Depois que a imprensa denunciou irregularidades na licitação para escolha dos fornecedores, o prefeito Gilberto Kassab prometeu ser mais transparente.
Resultado de tanta transparência: a Folha descobriu que, durante todo o ano de 2008, foram feitas apenas três vistorias nas cantinas das escolas de toda a rede municipal.
No ano anterior, com a fiscalização funcionando, foi descoberto, por exemplo, que cozinheiras terceirizadas ganhavam prêmio de produtividade por economizar nas porções servidas às crianças.
O problema com tanta transparência é que o cidadão fica com a impressão de que tudo está sendo resolvido: que o Congresso Nacional vai eliminar as trambicagens, que os juros cobrados pelos bancos vão cair a níveis aceitáveis e que as crianças vão receber alimentação decente nas escolas.
Mas acontece que a imprensa não tem estrutura para manter a atenção em mais de dois ou três assuntos por vez.
Sem recursos de reportagem e investigação, os jornais são obrigados a abandonar alguns temas importantes no meio do caminho.
E permanece no ar o mau cheiro da impunidade.
Dois momentos da imprensa
O bom momento é a reportagem especial do Estado de S.Paulo sobre o Afeganistão.
O tema é quente, porque os analistas entendem que o Afeganistão será o grande desafio da política externa de Barack Obama.
Destaque-se o trabalho da enviada especial, Adriana Carranca, que conseguiu entrevistar um líder do Taleban e faz um retrato vivo da sociedade afegã sob o terror da guerra.
O mau momento é a cobertura do caso da advogada brasileira supostamente atacada por neonazistas na Suíça.
Luiz Egypto, editor do Observatório da Imprensa:
– A cobertura da mídia brasileira sobre o caso da advogada Paula Oliveira, supostamente atacada por neonazistas na semana passada, em Zurique (Suíça), se por um lado reiterou os riscos que a pressa descabida pode trazer ao jornalismo, de outro, teve o dom de jogar luz sobre uma questão há muito obscurecida em meio ao fascínio exercido pela velocidade da informação digital. Sobre esse assunto, aliás, a edição online deste Observatório traz um bom material para discussão.
O problema maior deste caso é que ele tinha tudo para transformar uma pauta quentíssima numa história idem. As fontes pareciam boas, as evidências convincentes, as imagens chocantes. O diabo é que todos esses elementos foram checados… à distância! A primeira notícia surgiu num blog jornalístico, na quarta-feira da semana passada, e ganhou repercussão nos telejornais da Rede Globo. Aí, virou assunto nacional – até que os repórteres fossem a campo e os primeiros desmentidos à versão original começassem a aparecer, na sexta-feira e no sábado. E então ficasse caracterizado o açodamento com que a mídia, principalmente a Globo, tratou o episódio.

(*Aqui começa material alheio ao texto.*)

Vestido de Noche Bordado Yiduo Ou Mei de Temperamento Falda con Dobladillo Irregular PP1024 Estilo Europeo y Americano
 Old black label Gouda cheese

Se nas edições de quarta e quinta o Jornal Nacional deitou e rolou nas chamadas bombásticas, na sexta, quando os desmentidos se impuseram, e ficasse claro que a história não era bem aquela, o carro-chefe do jornalismo global apenas os noticiou e ficou tudo por isso mesmo. Que belo exemplo daria o JN se o âncora pedisse desculpas no ar. Entraria para a história.